Interpretive Summary: Identification of natural genetic mutations that may alter livestock animal production is an important pursuit, as it is far more reliable to estimate the effects these variants have on the animal if they are tracked directly. Unfortunately, these variants are difficult to accurately predict as our knowledge of the complex biological systems of livestock is still in its infancy. Here, we demonstrate that a method that uses an improved experimental design is able to identify these variants (or those in extremely close proximity) and may thereby improve genetic marker tools in the future.

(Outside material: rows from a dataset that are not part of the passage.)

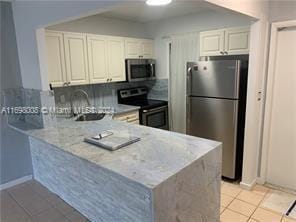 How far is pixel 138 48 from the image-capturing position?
402 centimetres

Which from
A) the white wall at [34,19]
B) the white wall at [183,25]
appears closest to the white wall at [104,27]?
the white wall at [183,25]

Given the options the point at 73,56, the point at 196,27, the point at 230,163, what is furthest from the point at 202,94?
the point at 73,56

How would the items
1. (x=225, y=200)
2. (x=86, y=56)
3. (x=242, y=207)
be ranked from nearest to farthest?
(x=242, y=207)
(x=225, y=200)
(x=86, y=56)

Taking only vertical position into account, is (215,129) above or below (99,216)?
above

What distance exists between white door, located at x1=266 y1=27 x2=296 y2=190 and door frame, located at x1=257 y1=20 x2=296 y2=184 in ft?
0.04

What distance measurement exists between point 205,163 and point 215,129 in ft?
4.75

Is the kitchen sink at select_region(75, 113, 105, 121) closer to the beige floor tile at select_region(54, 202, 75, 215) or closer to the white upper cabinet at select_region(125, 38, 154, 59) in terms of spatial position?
the white upper cabinet at select_region(125, 38, 154, 59)

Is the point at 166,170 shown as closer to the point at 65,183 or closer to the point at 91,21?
the point at 65,183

Technical Abstract: Experimental design that exploits family information can provide substantial predictive power in variant discovery projects. Concordance between quantitative trait loci (QTL) genotype, as determined by the a posteriori granddaughter design and marker genotype was determined for 29 QTL segregating in the US Holstein dairy cattle (Bos taurus) population with probabilities < 10^-20. Genotypes for 79 grandsires and 16,236 sons were determined by imputation for 3,148,506 polymorphisms spanning the entire genome, based on 444 Holstein bulls with complete genome sequence, including 38 of the grandsires. Complete concordance was obtained only for daughter pregnancy rate on chromosome 18 and protein % on chromosome 20. A missense mutation in the growth hormone reception gene described previously in the Dutch Holstein population displayed complete concordance for the latter effect. For each QTL the effects of the 20 polymorphisms with the highest concordance scores on the trait analyzed were computed by stepwise regression. The effects of stature on chromosome 7, daughter pregnancy rate on chromosome 18, and protein % on chromosome 20 met the following three criteria: complete or nearly complete concordance, significance of the effect of polymorphism after correction for all other polymorphisms, and R^2 for the marker was > 50% of the total multiple regression R^2 including the 20 polymorphisms. An intron variant SNP on chromosome 5 at position 93,945,738 explained 7% of the variance for fat percentage, and 80% of the total variance explained by the multi-marker regression, confirming results from a study in the New Zealand dairy cattle population using different methodologies. Variants identified in this study are likely to provide improved predictive power for genomic evaluation of dairy cattle.